Speaking of crazy people in Seattle, I love some of the wacky stuff you see in big cities. The very first thing we saw getting off the bus downtown was a homeless screaming nonsensically at everyone. The only part I could make out was her repeated use of “Motherfuckers!!” I swear she looked just like the scary religious lady from Wife Swap. I also saw a 9/11 conspiracy theorist, and this lovely sign of Obama with a Hitler mustache:
Still not quite sure what their point was. They were two young people, and they didn’t seem to enjoy me giggling and taking a picture. “You’re a sports fan aren’t you?” the guy asked me. “What?” “You just think this is entertaining.” “Yes, yes I do.” And then I walked away.

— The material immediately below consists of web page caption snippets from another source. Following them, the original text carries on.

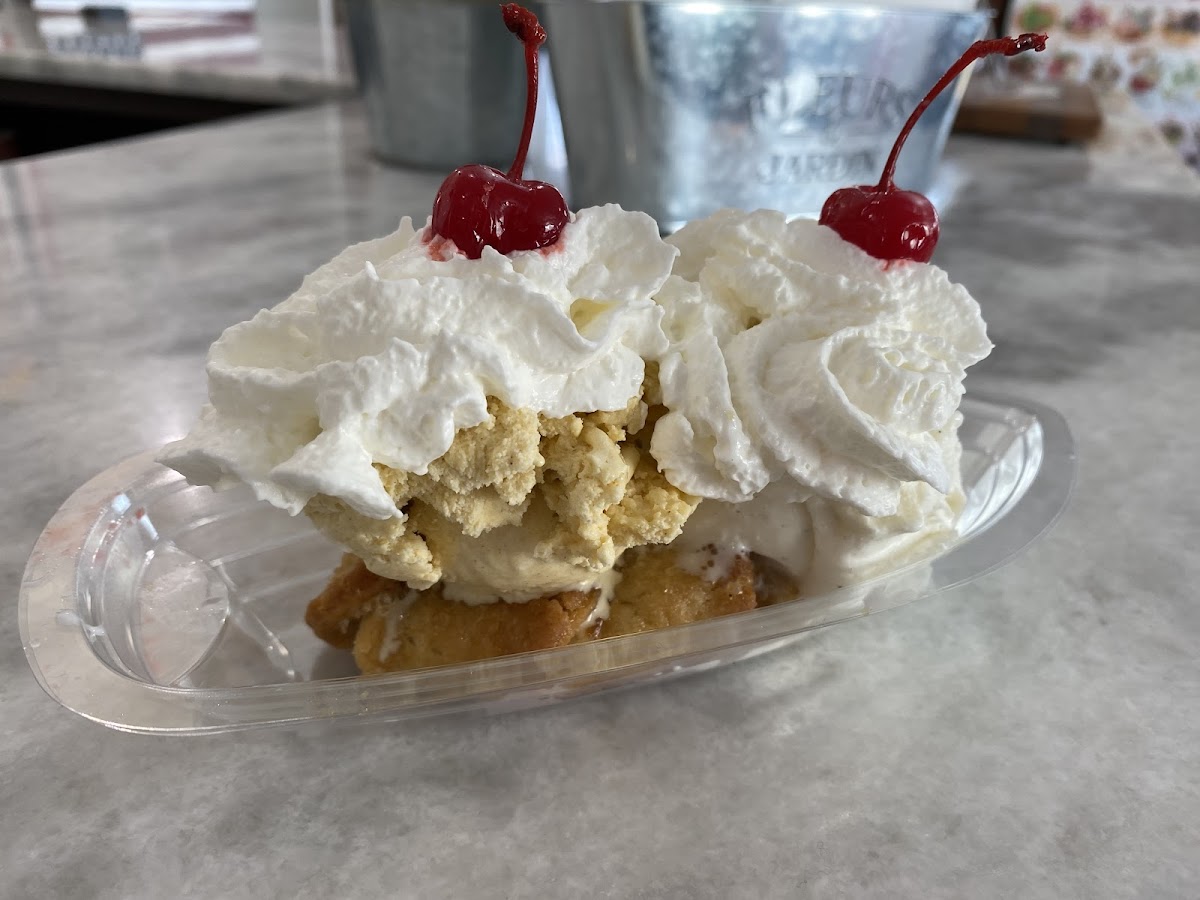 Creamery at St Georges - Photo 1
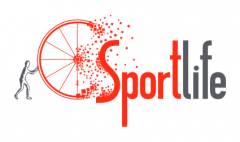 ŠK SPORTLIFE BB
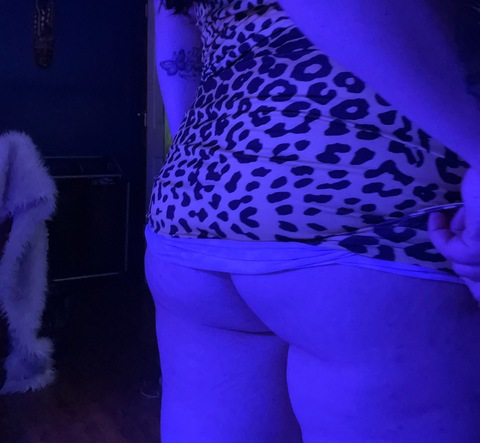View loeylovegood.vip (Loey LoveGood VIP) OnlyFans 36 Photos and 18 Videos leaked 

 picture 2
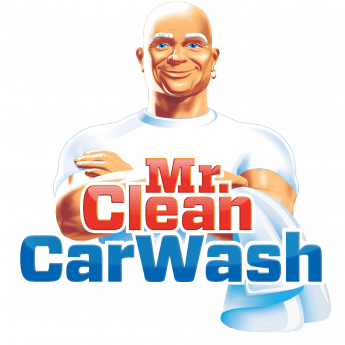 mr clean car wash mr clean car wash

Visited Pike Place Fish Market and the Original Starbucks:
Space Needle, etc:
Up in the Space Needle (freaking expensive to go up, but the view was awesome):
After that we were pretty much pooped, so we headed back to the Aiport. Our final flight to Pullman still didn’t leave for about three hours, so we wandered around a bit. We found a Croc Shop with nothing but those awful croc shoes. The rainbow wall of crocs amused me to no end, so I had to take a picture. We didn’t hang around long because it smelled like plastic and stinky feet.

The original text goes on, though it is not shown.